Navy halts search for sailor missing in Arabian Sea
By CHAD GARLAND | Stars and Stripes | Published: July 20, 2019
MANAMA, Bahrain — A sailor who was reported overboard from a U.S. aircraft carrier in the Arabian Sea earlier this week remains missing after the Navy ended its search-and-rescue efforts, officials said Saturday.
After “extensive attempts to locate the Sailor” involving three ships and aircraft from two patrol squadrons, the search was concluded Friday, the Navy’s 5th Fleet said in a statement.
“Our thoughts and prayers are with the family, friends and shipmates of our lost Sailor,” Vice Adm. Jim Malloy, the U.S. Naval Forces Central Command, U.S. 5th Fleet, and Combined Maritime Forces commander, said in a statement.

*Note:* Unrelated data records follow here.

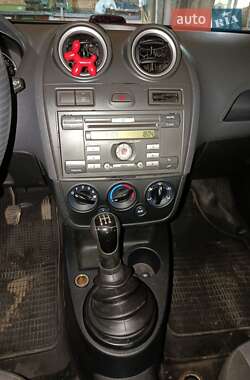 Хэтчбек Ford Fiesta 2007 в 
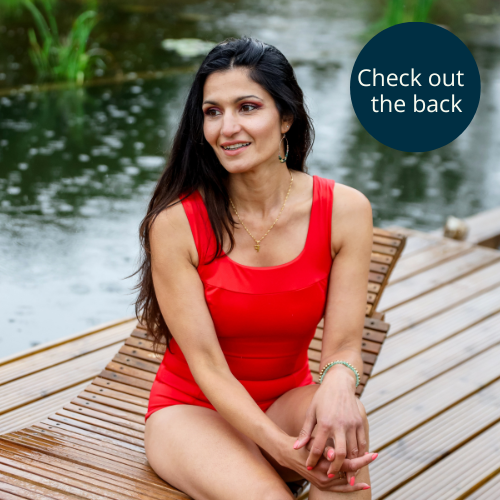 Lindsey wears size 10 Hepburn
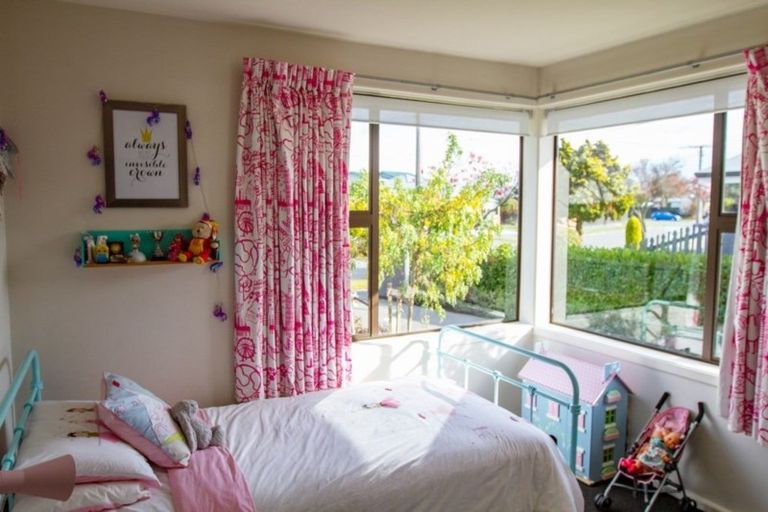 Photo of property in 32 Cardome Street, Bishopdale, Christchurch, 8053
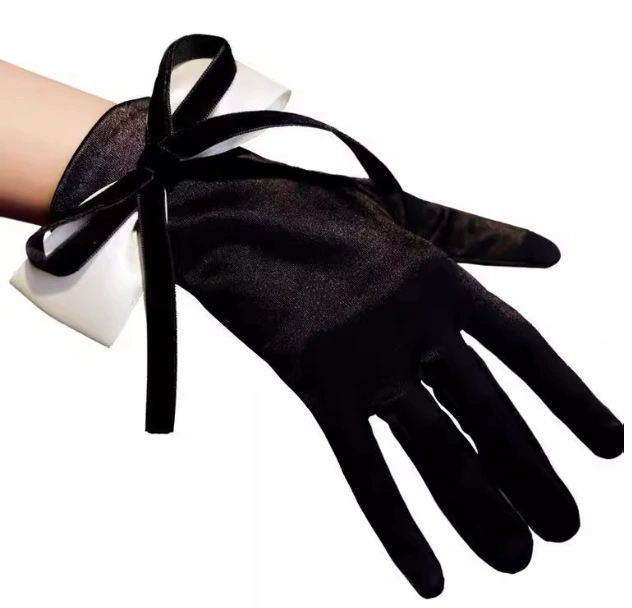 Short Lace Bridal Gloves with Pearls and Bow, Wrist-Length Elegant Wedding Accessory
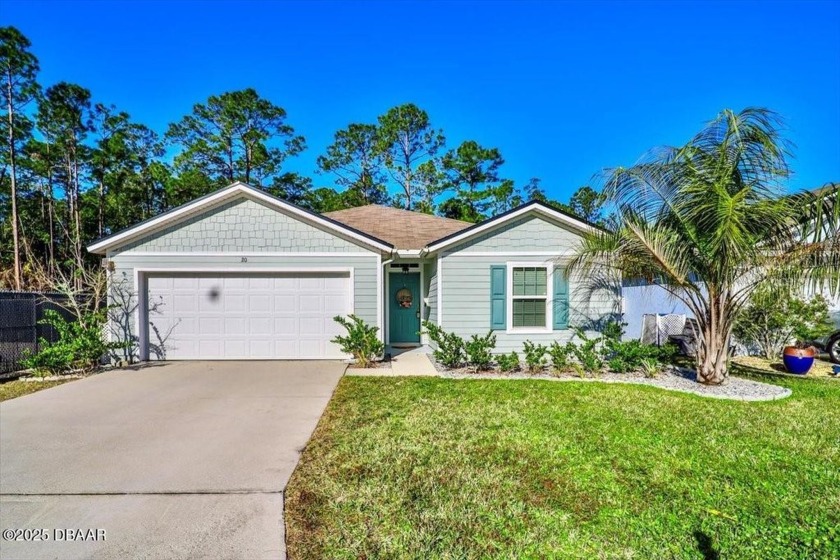 Come see this 4 bedroom/2 bath home. Enjoy all the amenities - Beach Home for sale in Bunnell, Florida on Beachhouse.com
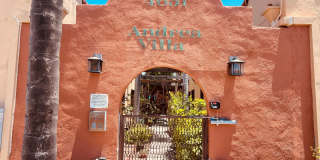 Historic Normal Height One Bed One Bath Andrea Villas Gallery 1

The service withheld the sailor’s identity, citing policy, but said the missing sailor was assigned to the Norfolk-based Helicopter Sea Combat Squadron 5 aboard the USS Abraham Lincoln.
Next of kin had been notified that the sailor’s whereabouts remain unknown, 5th Fleet said.
The search began after a “man overboard” report on Wednesday. The Lincoln, the USS Leyte Gulf, and patrol squadrons VP-10 and VP-40 were joined by the Spanish Méndez Núñez frigate in searching the Arabian Sea area where the sailor had been reported missing, the statement said.
“During this tragic time, I want to thank the Spanish Álvaro de Bazán-class frigate Méndez Núñez for their assistance in the search operations, and all the Sailors involved in the search for their valiant efforts to find our shipmate,” Malloy said.
Officials at 5th Fleet told Navy Times that an earlier statement incorrectly said the Pakistan Navy Ship PSN Aslat had aided in the search.
The squadron the sailor belonged to, made up of about 200 servicemembers, is part of Carrier Air Wing 7 and is assigned to the USS Abraham Lincoln Carrier Strike Group, which had its deployment to the region expedited in May, amid escalating tensions with Iran.
Since May, the U.S. has ordered additional bomber and fighter aircraft, and some 2,000 more troops to be sent the region to bolster security for U.S. forces there.
The U.S. government has claimed Iran was behind several recent attacks on commercial ships in the Gulf of Oman and the Strait of Hormuz. Iran and rebel forces it backs in Yemen each also downed U.S. drones last month.
This week, the amphibious assault ship USS Boxer, which arrived in 5th Fleet waters in late June, reportedly downed an Iranian drone after several of the country’s aircraft reportedly harassed the U.S. warship as it entered the strait.
Meanwhile, Iran seized two merchant ships transiting the strait late Friday, including a British oil tanker.